The compiled expression data was also analyzed to find functionally related genes based on their expression levels across the different experi­mental conditions [[26,27], unpublished data (Castruita M., et al.)]. Genes demonstrating low variance of expression across all samples were not con­sidered. This analysis was performed for three representations of the ex­pression data: absolute counts, log counts, and log ratios of expression. By this method, C. reinhardtii genes are each associated with 100 genes with the most similar expression patterns to determine potentially functionally related genes.

LIPID CONTENT IN MICROALGAE

Many microalgae are capable of accumulating a large amount of lipids in the cells [10]. On average, the lipid contents typically range from 10 to 30% of dry weight (Table 3). Depending on the specific algae species and their cultivation conditions, however, microalgal lipid production may range widely from 2 to 75% [2]. In some extreme cases, it can reach 70%-90% of dry weight [4,5]. For instance, the freshwater green alga Botryococcus braunii can produce oil (including hydrocarbons) up to 86% of its dry cell weight [44]. This species is being considered as a possible source for biodiesel production in the near future [4], but has the major disadvantage of slow growth rates and a low tolerance for contamination. As a result, lipid productivities (lipid production per area or volume) of other microalgae, such as Nannochloropsis, Chlorella, Tetraselmis and Pavlova sp. are typically much higher [39,45]. Lipid productivity can be dramatically increased by external application of stress factors and is con­sidered a survival strategy for microalgae under adverse conditions. Most notably these include nutrient deprivation, exposure to chemicals, changes in salinity, temperature, pH and/or irradiation [4,39,46]. The composition of fatty acids-containing lipids differs widely among species, but, as men­tioned above, generally includes structural unsaturated polar lipids, as well as neutral storage lipids, mostly in the form of TAG. Significant fatty acids used for biodiesel include saturated fatty acids and polyunsaturated fatty acids (PUFAs) containing 14-18 carbon molecules, such as C14:0, C16:0, C16:1, C18:0, C18:1, C18:2, C18:3 fatty acids [41]. According to European requirements for biodiesel standards, some fatty acids should be excluded because of undesirable properties. For instance, methyl lino — lenate and fatty acid methyl esters with more than four double bonds are limited to 12% due to oxidation properties [47].

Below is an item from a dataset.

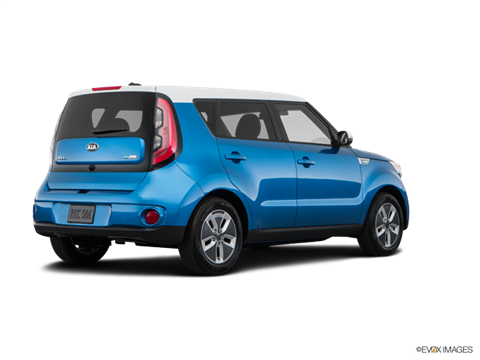 2017 Kia Soul Ev E Consumer Reviews Kelley Blue Book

Table 3. Examples of lipid contents in some microalgae species [4,48].

Species

Total lipids (% dry weight)

PUFA

(% total lipids)

PUFA

(% dry weight)

Isochrysis galbana

25.6

17

4.3

Nanaochloropsis sp.

5.6

2.8

0.2

Chaetoceros calcitrans

11.8

8.7

0.9

Tetreselmis suecica

2.5

20.9

0.2

Skeletonema costatum

9.7

5.1

0.5

Phaeodactylum tricornutum

30

Porphyridium cruentum

1.5

17.1

0.3

Crypthecodinium cohnii

20

Botryococcus braunii

25.0-75.0

Chlorella sp.

10.0-48.0

It is expected that microalgae that offer a multiple product portfolio as part of a biorefinery, will be most applicable to large-scale commercial cultivation. In a microalgae screening process, besides fatty acids with properties relevant for biodiesel production, some high value products such as protein-rich biomass, omega-3 fatty acids, sterols, antioxidants, vitamins and pigments should also be taken into account. In particular, omega-3 fatty acids from microalgae have received significant attention as a high-value add product, as the current sources of fish oil are unsustain­able due to depleting global fish stocks. A comparison of omega-3 fatty acid contents of different microalgae shows that these differ considerably between species (Table 4).